The recipe below makes 4 wonderful 16-inch pizzas (30 cm).

PIZZA DOUGH (partly whole-wheat, healthier style)

Time (active): 10 min.   Time (waiting): 2-10 hours.


  • 1.5 cups of hot water (not boiling, about 42 degrees C, so varm but not superhot - I just use it out of the hot water faucet)
  • 1 package of dry yeast
  • 1 tablespoon olive oil
  • 1 tablespoon dried basil or other Italian herbs
  • 1 teaspoon salt
  • 1 tsp ground flaxseed (totally optional, just adds fiber)
  • 1.5 cups whole wheat flour
  • 2+ cups white flour (organic bread flour is good, but any regular all-purpose flour is OK)
Environment:  Yeast is a living organism and it lives and works best when the temperature is not too hot or too cold (about 68-80 degrees F, 20-25 degrees C).  During the winter, since we have a kitchen that is colder than 68 degrees F, I help the yeast along by warming the dough bowl first in hot water, and then by putting in the finished dough into a slightly preheated oven.  I turn on the oven at 100 degrees F, then turn it off and put in the dough in its bowl.  You never want to put the dough in the oven if the heat is on, then you cook it, you just give it a little extra warmth and less cold drafts.

Time: Most often I just make the dough in the morning, leave it out on the counter the whole day (8-10 hours), and when I come home for dinner the dough has risen and is ready.  You can of course make the dough 2-3 hours before you want to make the pizza, that is fine too, but then you might have to put the dough in a slightly warmer place than we do.

Using a standing mixer or not: This is totally up to you.  If you don't use a mixer, just mix by hand and knead the dough very thoroughly.  No clumps here.

Making the dough:
  1. Put the hot water in the bowl. Add the dry yeast. Let sit a minute or two.
  2. Add olive oil, salt, and dried herbs. (And flaxseed if you use it). Mix thoroughly.
  3. Add 1.5 cups of whole-wheat flour.  Mix thoroughly.
  4. Add white flour 0.5 cup at the time and mix in-between.  How much you need to add depends on how dense your flour is.  So go slowly and add enough so that the dough becomes soft and slightly sticky, not dense and not sticky at all (=too much).  You should be able to lift up the dough in one ball without it falling apart, and the dough should not stick to the wall, but it should still be slightly sticky.  Most often I add about 2 cups of white flour, sometimes slightly more, sometimes slightly less.  
  5. Let the dough sit in peace in the bowl under some plastic wrap and or kitchen towel for a few hours (up to 10 hours is OK).  Don't put it in the fridge.  The dough will double in size, so make sure your bowl is big enough.  Some people spray or coat the dough with olive oil, I put plastic wrap over the bowl instead to avoid it drying out during the day.
Tomato heaven: spaghetti sauce (meatless)
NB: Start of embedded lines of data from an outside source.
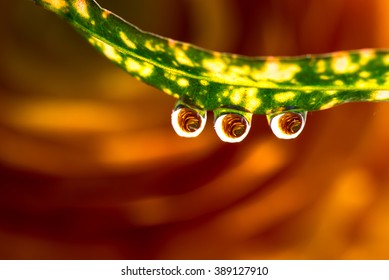 Ranunculus, dew drops, macro, close-up.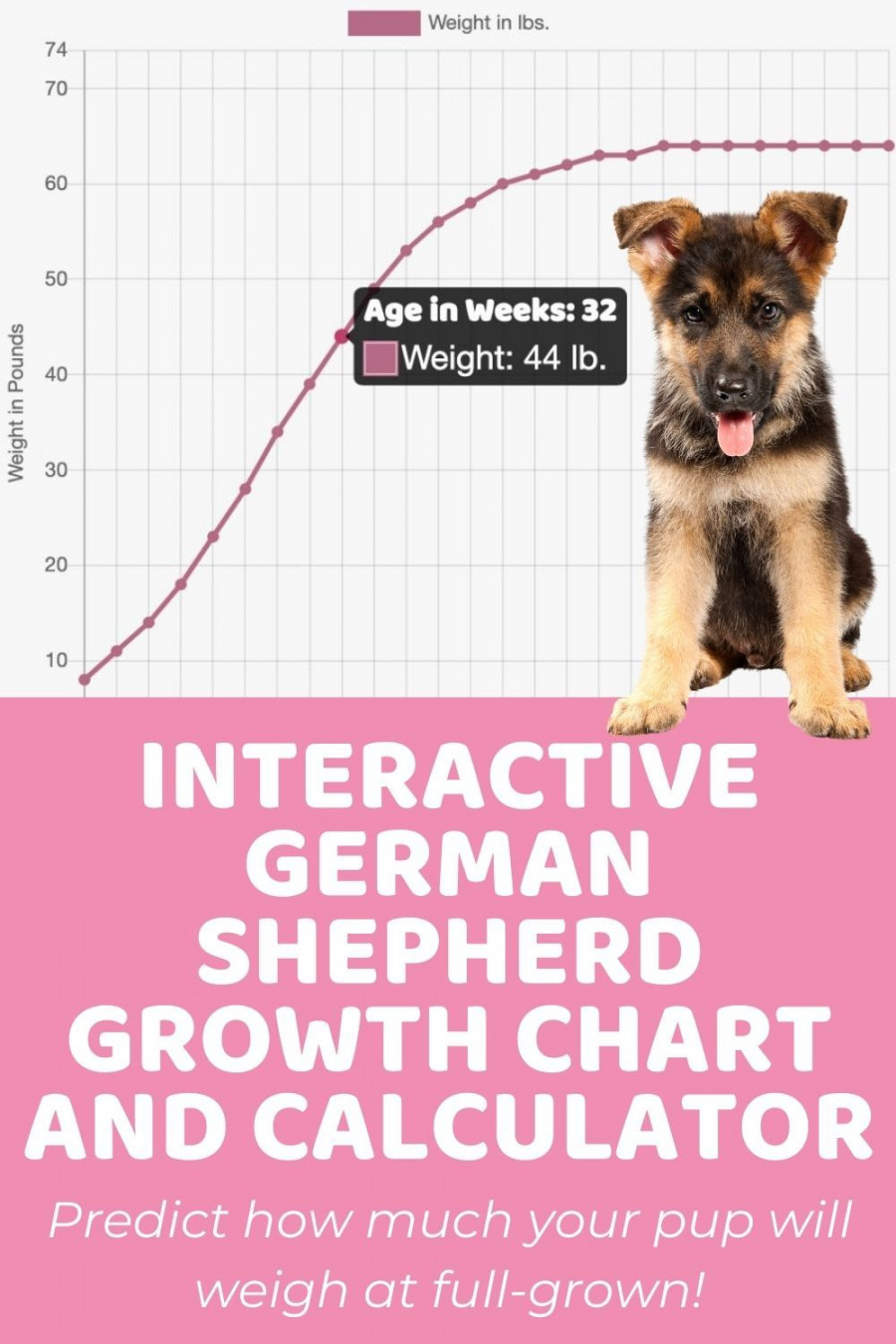 Interactive German Shepherd Growth Chart and Calculator - Puppy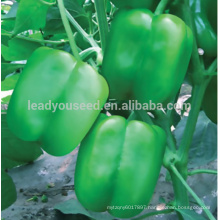 JSP14 Hulun high disease resistant f1 hybrid green sweet pepper seeds,capsicum seeds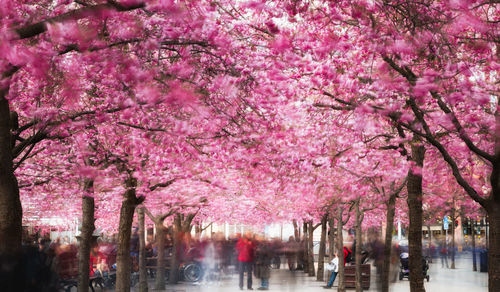 Pink cherry blossoms in park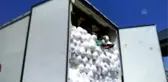 Türk polisi 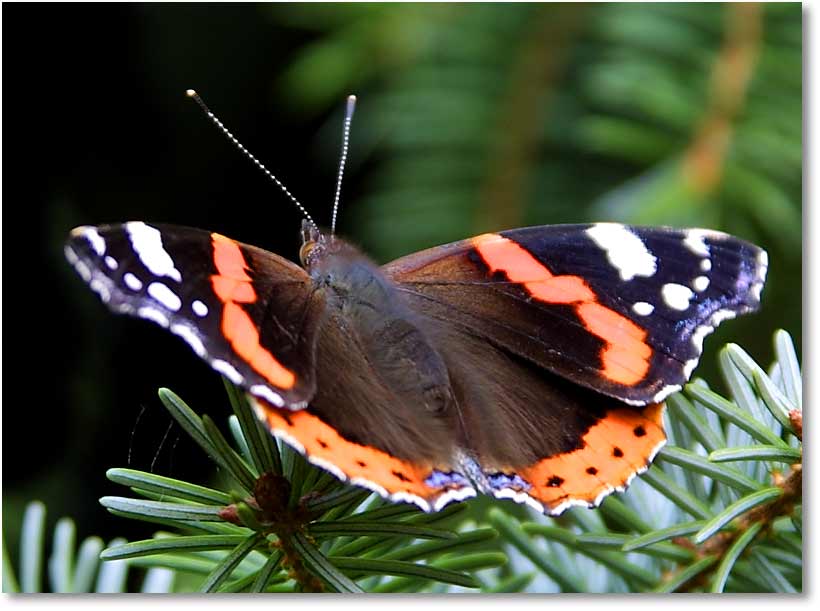 schmetterling-butterfly-20419.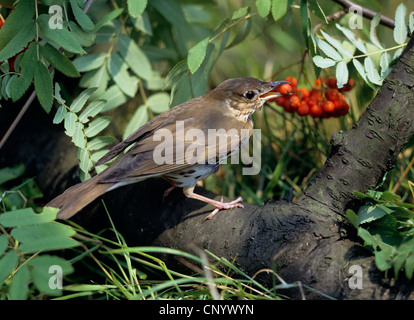 Singdrossel (Turdus Philomelos), ernähren sich von Beeren, Deutschland Stockfoto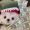 Taylor_Mia_9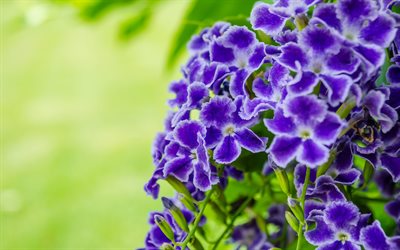 blue pansies, bokeh, beautiful flowers, Perennial, pansy, blue flowers, Viola wittrockiana, pansies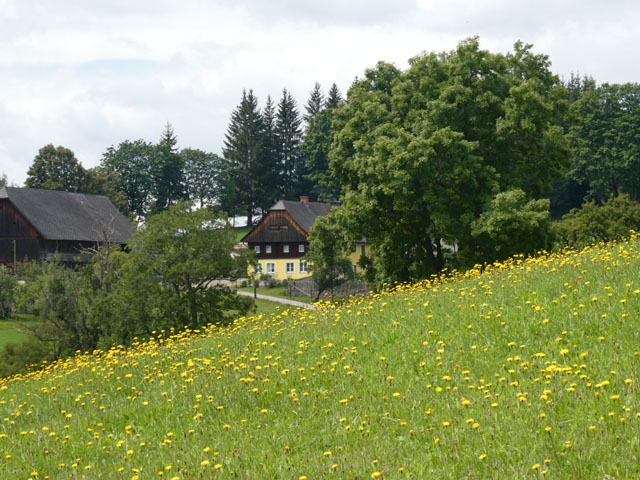 P1000987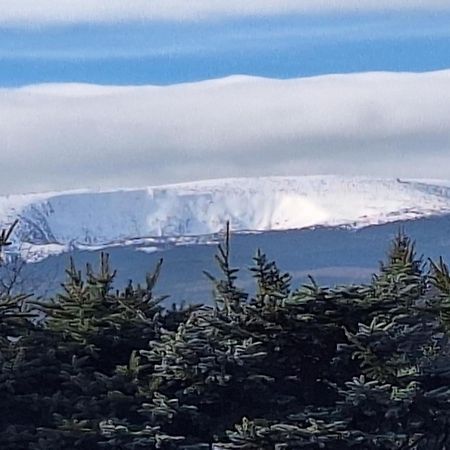 Sunny Hill , Kowary Διαμέρισμα Εξωτερικό φωτογραφία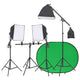 Ensemble de studio photo vidaxl avec ensemble d'éclairage et écran d'arrière-plan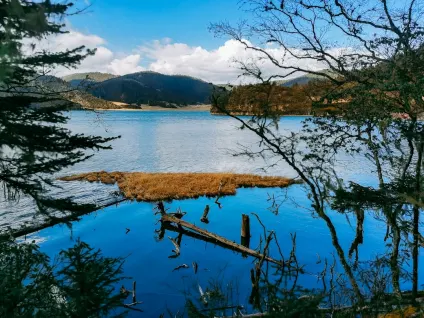 WagonBet Casino App Mobile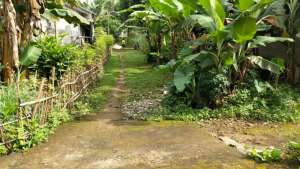 Dijual Tanah Kavling Gg. Panzer Gunung Putri lokasi di Gunung Putri, tersedia melalui melalui situs Olx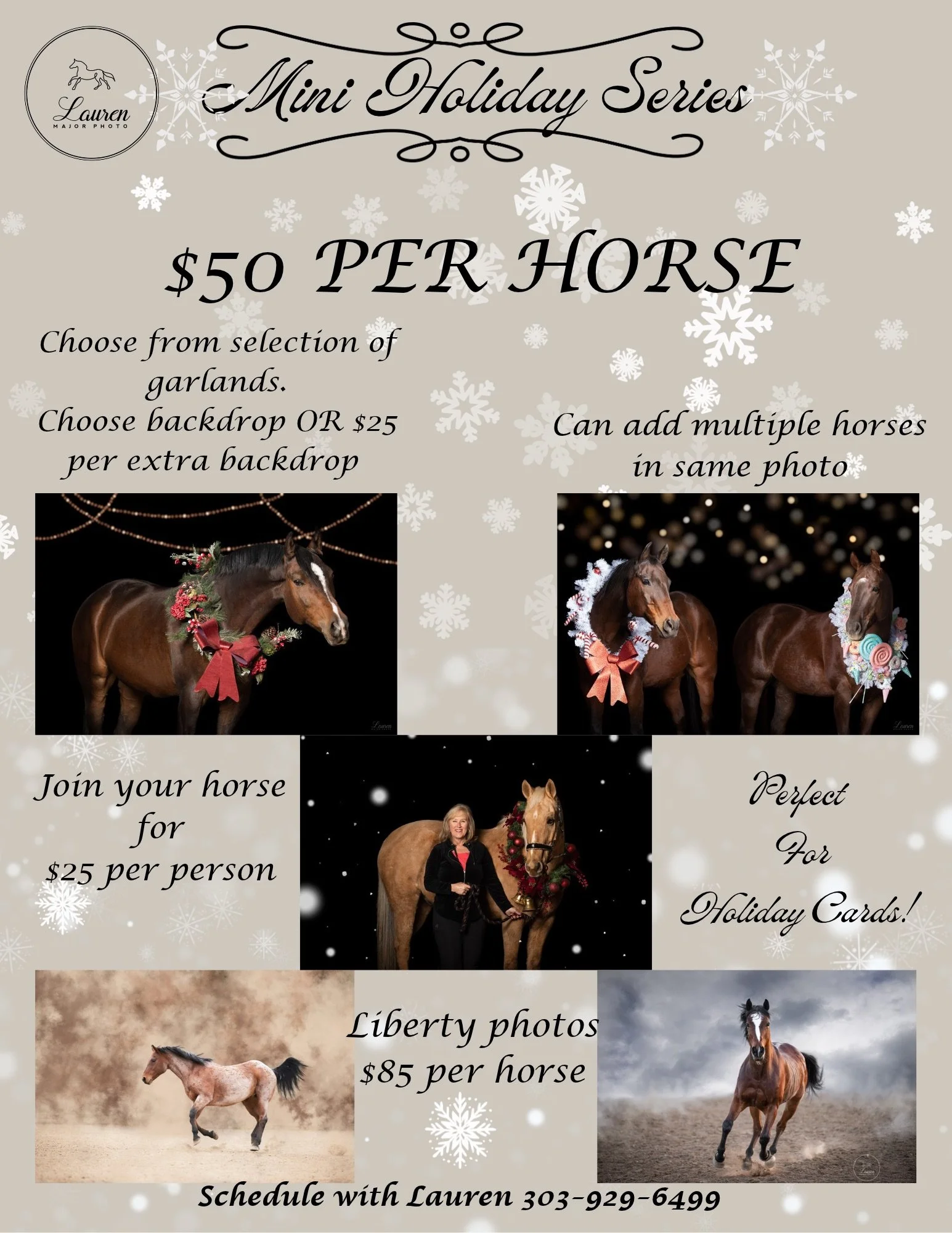 Example Canva Flyer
TOMATO SAUCE (homemade from canned tomatoes)

Time: 1 hour

We like chopped or strained, fire-roasted, San Marzano, plum or any other kind of Italian tomatoes for our sauce. Pomi is a good brand.  Watch out for canned tomatoes with a lot of salt or other things added to them - you just want plain tomatoes (with none or a little salt). Fresh tomatoes in the summer are wonderful, but need to cook down a bit, since they are quite watery, so add cooking time then.  Don't even try making this from flavor-less tomatoes from the store in the winter, then just use canned tomatoes.  Your own sauce will be better than store-bought pizza sauce, but if you don't have time, buy a good brand of good sauce without funny things in it.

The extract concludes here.